Another limitation of this study is the focus on water and land endowments and productivities and on global water scarcity reduction as a shared goal, while other production factors such as labour, knowledge, technology and capital can be limiting factors to expanding the production of certain crops in some countries, and certainly, agroeconomic aspects may play a role in considering comparative advantages as well. Other factors could be included in a future study by refining the optimization model; other objective functions could emphasize trade-offs between economic and environmental goals. Moreover, agricultural, trade and food security policies could be other factors that drive cropping patterns rather than water and land availability (Davis et al., 2018). Here, we purposely limited our analysis to considering comparative advantages from a perspective of land and water resource use to understand the specific role of these two particular factors. By no means do we suggest that the optimized cropping patterns found here are better than the reference pattern, because what is best depends on many more factors than are included here, including political preferences. Rather, our results are instrumental in illustrating directions of change if we would put emphasis on the factors of land and water endowment and productivity and put particular value on reducing water scarcity in the most water-scarce places.
The scope of the current study is restricted to the exploration of alternative cropping patterns to reduce water scarcity in the reference situation; we therefore use reference resource efficiencies.

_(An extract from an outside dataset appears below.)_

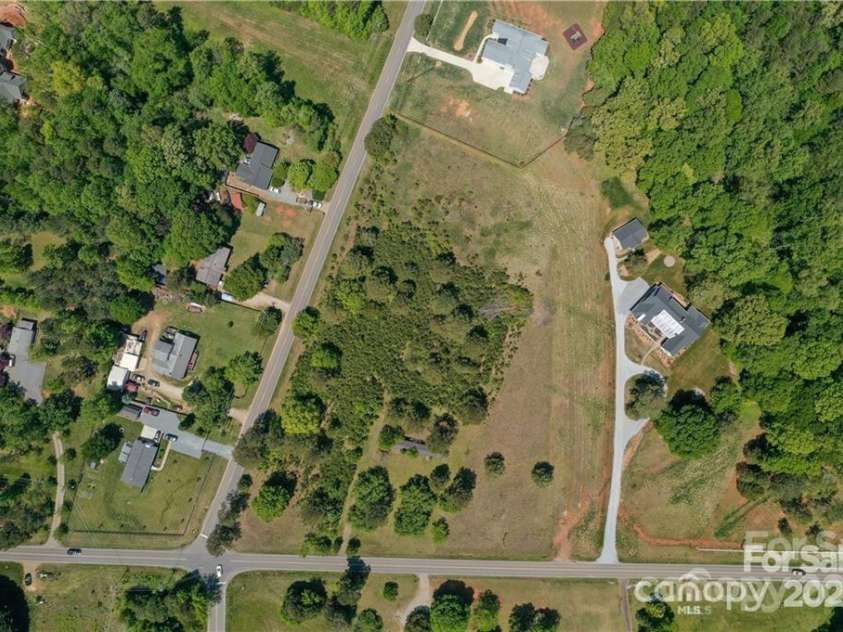 15615 Rocky River Road, Davidson, NC 28036.  MLS# CAR4287023, YatesRealty ID 63.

We do not take into consideration the future increase in food demand due to population growth, agronomic developments that may increase resource use efficiencies or climate change that will affect the future ability of countries to produce crops. The current study supports the findings of Davis et al. (2017a) on the benefits of crop redistribution on water saving which could be a potential strategy for sustainable crop production and an alternative to the large investments that are usually needed to close up the technological and yield gaps in developing nations. Besides reducing water and land use, changing cropping patterns will also have an impact on reducing greenhouse gas emission that results from extensive energy activities in irrigation, such as groundwater pumping, which accounted for around 61 % of total irrigation emissions in China (Zou et al., 2015).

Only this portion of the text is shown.